On October 22, 1844, thousands of men, women and children, dressed in Ascension Robes, gather on a desolate, freezing hillside outside Boston to greet the end of the world. Among the crowd is terrified five-year-old, Sarah Pardee, for whom this is the beginning journey to extraordinary fame and notoriety.
That night, Sarah is rescued by the cult’s founder, William Miller, and by Caty and Maggie Fox, who become her friends as they travel their own path to become America’s most distinguished “spirit rappers” interpreting rapping sounds in haunted houses. As for Sarah, she will go on to become Mrs. William Wirt Winchester, of Winchester rifle fame, one of the richest women in America. She will lose a daughter after only 42 days of life, an event that blights all her remaining days. Guided by an obsession with the spirit world, she will move to the San Jose, California and build one of America’s strangest and most famous structures.

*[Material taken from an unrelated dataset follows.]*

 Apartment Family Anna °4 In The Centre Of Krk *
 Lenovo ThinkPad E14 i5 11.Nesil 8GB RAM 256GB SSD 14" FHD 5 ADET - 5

But first she will attend—and completely disrupt—the Charles Street School and then Mary Lyon’s Mount Holyoke Female Seminary (later Mount Holyoke College), she will meet Edwin Booth, America’s most famous Shakespearean actor, brother to John Wilkes Booth, who presides over a spiritualist meeting where Sarah first communicates with her deceased daughter. Thereafter she will be visited by a spirit guide who directs her building of the massive, controversial monument on the west coast.
The Possession of Sarah Winchester tells this compelling story in her own words, revealing child/woman caught in the web of the rise of spiritualism in nineteenth century America. It portrays a brilliant woman’s mind inundated by repression, grief, and guilt over her family’s creation of a weapon that destroyed Native American lives and culture.